“People have to understand that obesity is a chronic disease. You can’t just … not exercise and eat whatever you want. You’re not going to be able to go back to living your life the way you did before you lost weight. There are no quick fixes, there’s no magic.” — Domenica M. Rubino, M.D., Director, Washington Center for Weight Management
A 2016 study by the National Institutes of Health (NIH) shows that while most people who lose a significant amount of weight (10-percent or more of their original weight) tend to regain it, those who were successful in maintaining a weight loss were vigilant in maintaining lifestyle changes that led to the weight loss.
“One reason maintenance is so difficult is that your body isn’t seeing that weight loss as a good thing,” said Domenica M. Rubino, M.D., director, Washington Center for Weight Management. “It’s not just will power, it’s biology. It’s your hormones telling your brain that your body is really not full. There are medications that target the parts of the brain that are involved in cravings and feelings of hunger.”

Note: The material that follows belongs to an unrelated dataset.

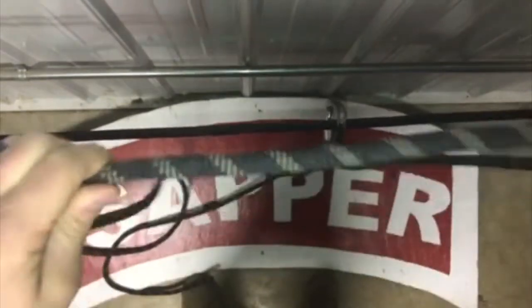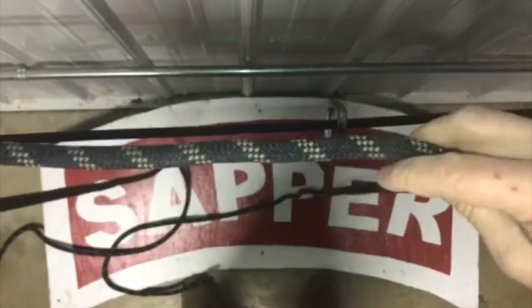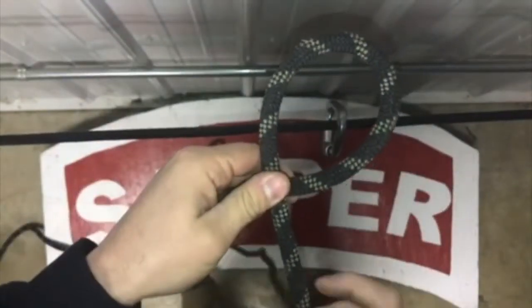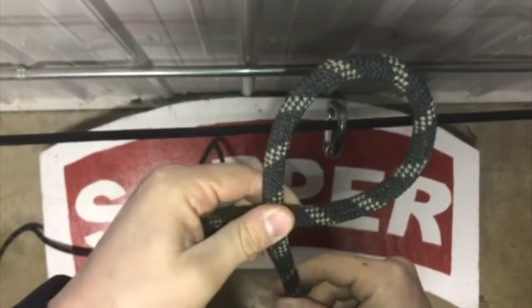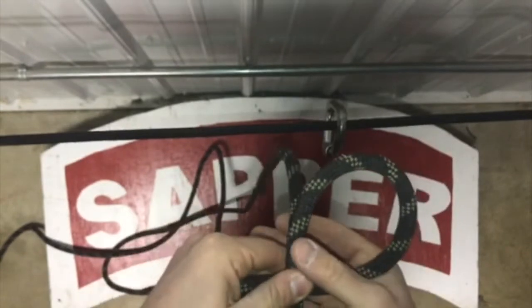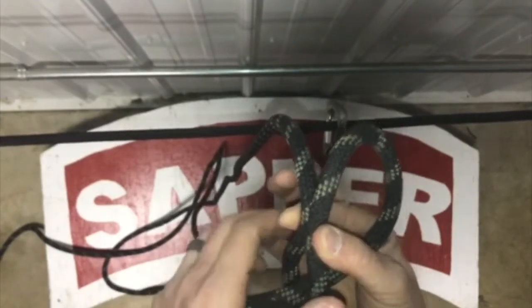Once I find the middle of my rope, I'm going to take it in each hand — my left hand and my right hand. With my right hand, I'm going to turn the carabiner, creating a P-shape. From here, I'm going to fold this over on the running end, pinching the standing end in my right hand. This is the running end and this is the standing end, pinched together.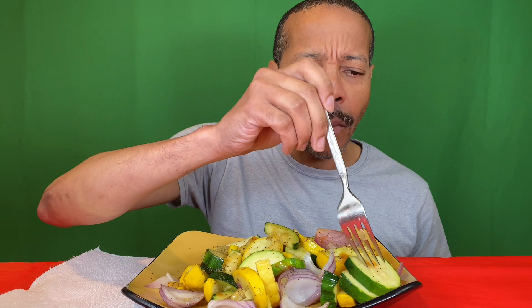It's so good! It's still got the crunch. Guys, sauté some zucchini and squash — and there's my onions. I love onions. I should have added some minced garlic in here, but I didn't. Next time I will.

The reasons that maintaining a significant weight loss can be challenging range from inactive lifestyles, unhealthy diets and the side effects of medication to mental health issues and metabolic disorders, says Colleen Sanders, assistant professor of Nursing at Marymount University.
“The best recommendation for maintaining weight loss is making lifestyle changes and sticking with them,” said Sanders. “Surgery and weight loss medications will achieve weight loss, but if lifestyle choices are not made then weight is typically regained. Diet and exercise will foster weight loss, but once a healthy weight is achieved there has to be healthy eating and routine exercise to maintain that weight.”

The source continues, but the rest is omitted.